→ Data:
::::::

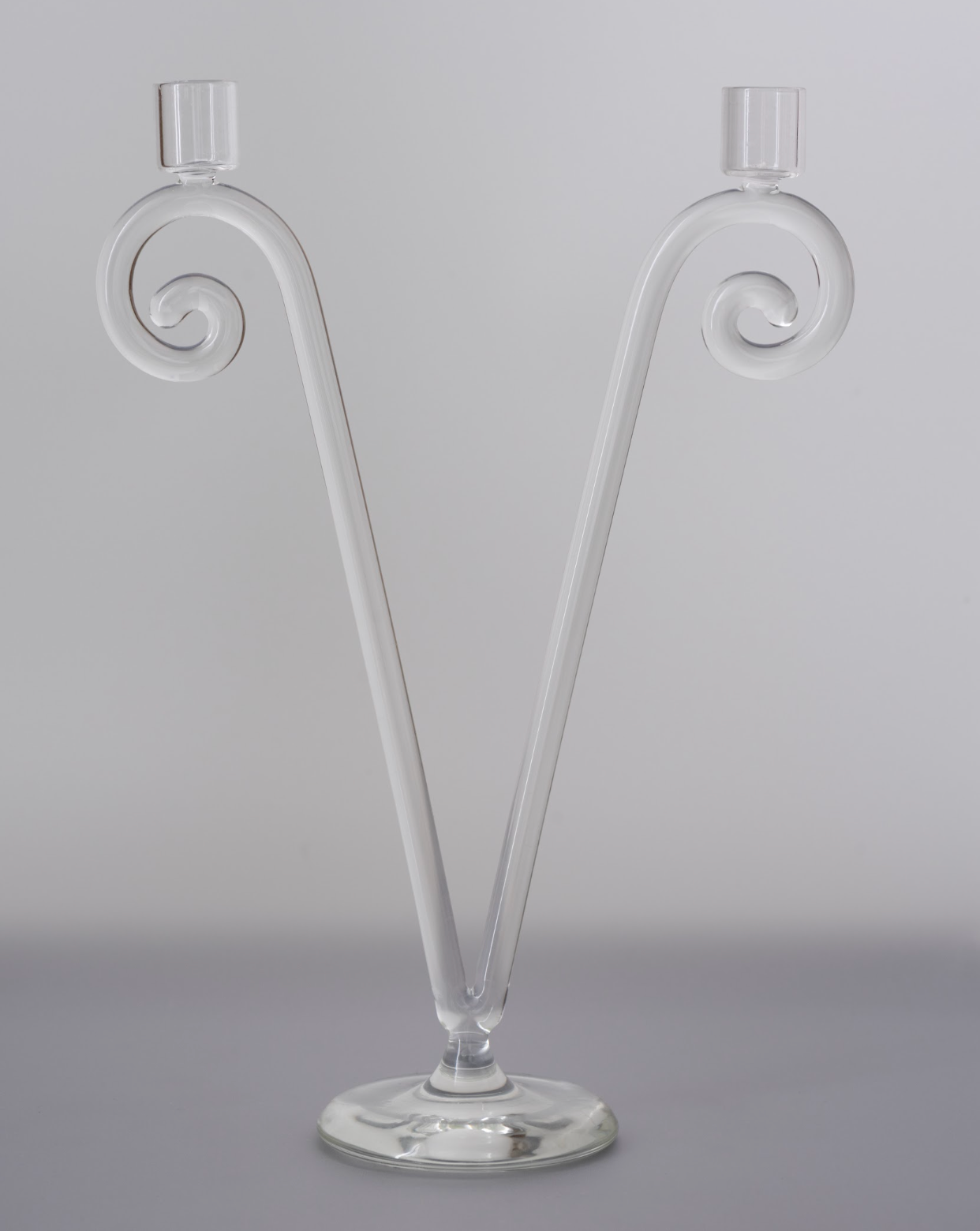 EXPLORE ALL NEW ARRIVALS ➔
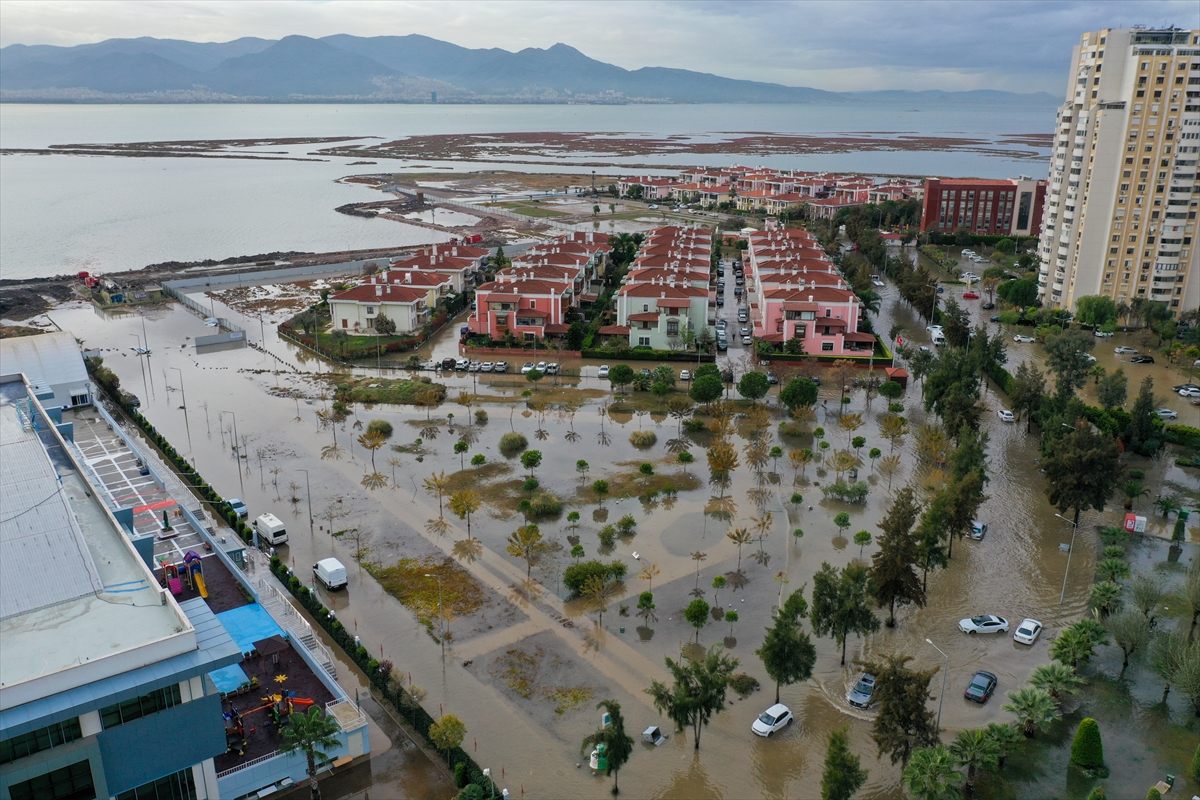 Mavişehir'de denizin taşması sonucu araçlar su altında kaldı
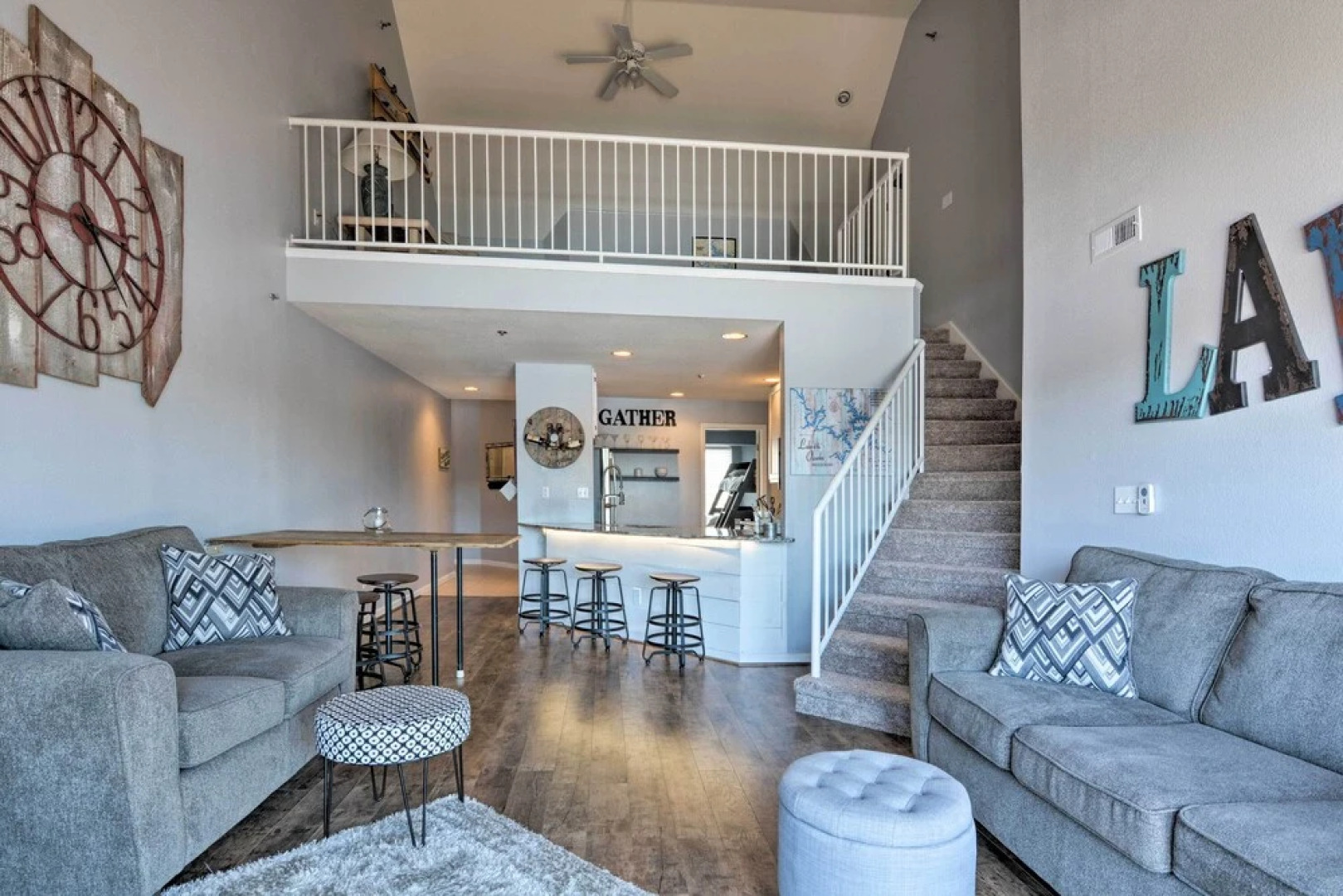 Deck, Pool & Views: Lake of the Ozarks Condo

::::::

No pictures go in the copy. Set down all the data exactly.

→ Result of this task:
 EXPLORE ALL NEW ARRIVALS ➔
 Mavişehir'de denizin taşması sonucu araçlar su altında kaldı
 Deck, Pool & Views: Lake of the Ozarks Condo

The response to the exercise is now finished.